Caso fortuito e Forza maggiore
Di solito non si distingue tra caso fortuito e forza maggiore, in quanto entrambi gli eventi hanno come effetto l'esclusione della responsabilità del soggetto agente.
Possiamo, però, distinguerli concettualmente perché, se identiche sono le conseguenze, diverse sono le situazioni che li producono.
caso fortuito
indica un evento assolutamente imprevedibile
forza maggiore
indica un evento di una forza tale al quale non è oggettivamente possibile resistere.
In ogni caso il caso fortuito o la forza maggiore escludono la colpa del soggetto agente non realizzando, quindi, la previsione dell'art. 2043 che per la responsabilità prevede il fondamentale requisito della colpevolezza.
È opportuno ricordare, però, che altra tesi inquadra queste ipotesi come interruzione del nesso di causalità piuttosto che come ipotesi di assenza di colpa.A mio parere per inquadrare correttamente le ipotesi di caso fortuito e forza maggiore bisogna distinguere diversi casi.
Se il caso fortuito o forza maggiore hanno da soli causato l'evento (un fulmine provoca delle lesioni) , è chiaro che non è nemmeno il caso di parlare di colpa dell'agente, ma di serie causale del tutto autonoma dove l'agente non ha posto in essere nemmeno un condizione.

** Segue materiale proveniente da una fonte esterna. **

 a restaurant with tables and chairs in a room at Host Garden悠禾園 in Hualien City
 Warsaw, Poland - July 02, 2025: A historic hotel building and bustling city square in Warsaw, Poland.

Se, invece, l'agente ha posto in essere una della cause che poi ha aperto la strada al caso fortuito o alla forza maggiore, può ben ritenersi la mancanza di colpa, visto che non c'è interruzione del nesso di causalità; è da notare, però, che se accettiamo la teoria della causalità adeguata possiamo anche intendere questi eventi come vere e proprie interruzioni del rapporto di causalità, eventi eccezionali e imprevedibili che fanno venir meno il rapporto di causalità giuridico.